While this communication was being made to him, Athos maintained the profoundest silence and reserve. Raoul, who had begun his address with an assumption of self-possession, finished it by allowing a manifest emotion to escape him at every word. Athos fixed upon Bragelonne a searching look, overshadowed indeed by a slight sadness.
"You have reflected well upon it?" he inquired.
"I believe you are already acquainted with my views respecting this alliance?"
"Yes, monsieur," replied Raoul, in a low tone of voice, "but you added, that if I persisted ---- "
"You do persist, then?"
Bragelonne stammered out an almost unintelligible assent.
"Your passion," continued Athos, tranquilly, "must indeed be very great, since, notwithstanding my dislike to this union, you persist in wishing it."
Raoul passed his trembling hand across his forehead to remove the perspiration that collected there. Athos looked at him, and his heart was touched by pity. He rose and said, ----
"It is no matter. My own personal feelings are not to be taken into consideration since yours are concerned; you need my assistance; I am ready to give it. Tell me what you want."
"Your kind indulgence, first of all, monsieur," said Raoul, taking hold of his hand.
"You have mistaken my feelings, Raoul, I have more than mere indulgence for you in my heart."
Raoul kissed as devotedly as a lover could have done the hand he held in his own.
"Come, come," said Athos, "I am quite ready; what do you wish me to sign?"
"Nothing whatever, monsieur. only it would be very kind if you would take the trouble to write to the king to whom I belong, and solicit his majesty's permission for me to marry Mademoiselle de la Valliere."
"Well thought, Raoul! After, or rather before myself, you have a master to consult, that master being the king; it is loyal in you to submit yourself voluntarily to this double proof; I will grant your request without delay, Raoul."
The count approached the window, and leaning out, called to Grimaud, who showed his head from an arbor covered with jasmine, which he was occupied in trimming.

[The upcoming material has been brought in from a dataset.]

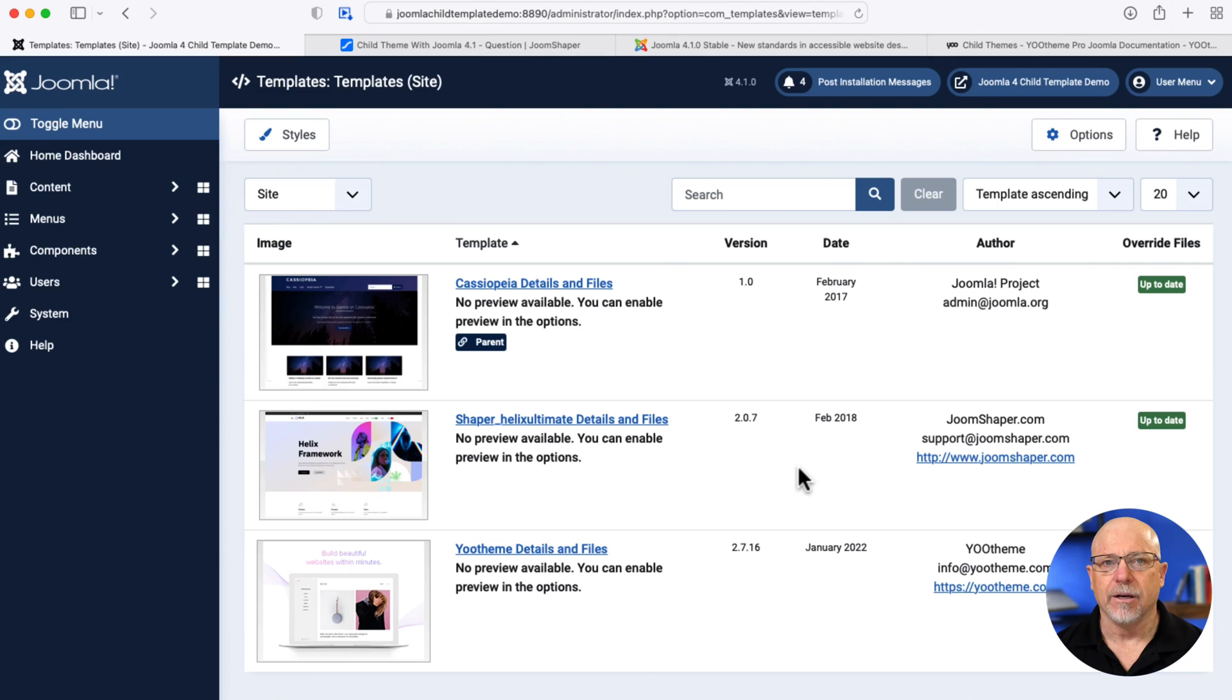Now, template developers in Joomla have been doing this forever. I mean, UTheme, JoomShaper, they all have their own way of doing this. Well, now it's built into Core, and it works really well. Let's take a look.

"My horses, Grimaud," continued the count.
"Why this order, monsieur?" inquired Raoul.
"We shall set off in a few hours."
"Is not the king at Paris?"
"Well, ought we not to go there?"
"Yes, monsieur," said Raoul, almost alarmed by this kind condescension. "I do not ask you to put yourself to such inconvenience, and a letter merely ---- "
"You mistake my position, Raoul; it is not respectful that a simple gentleman, such as I am, should write to his sovereign. I wish to speak, I ought to speak, to the king, and I will do so. We will go together, Raoul."
"You overpower me with your kindness, monsieur."
"How do you think his majesty is affected?"
"Towards me, monsieur?"
"Excellently well disposed."
"You know that to be so?" continued the count.
"The king has himself told me so."
"On what occasion?"
"Upon the recommendation of M. d'Artagnan, I believe, and on account of an affair in the Place de Greve, when I had the honor to draw my sword in the king's service. I have reason to believe that, vanity apart, I stand well with his majesty."
"So much the better."
"But I entreat you, monsieur," pursued Raoul, "not to maintain towards me your present grave and serious manner. Do not make me bitterly regret having listened to a feeling stronger than anything else."
"That is the second time you have said so, Raoul; it was quite unnecessary, you require my formal consent, and you have it. We need talk no more on the subject, therefore. Come and see my new plantations, Raoul."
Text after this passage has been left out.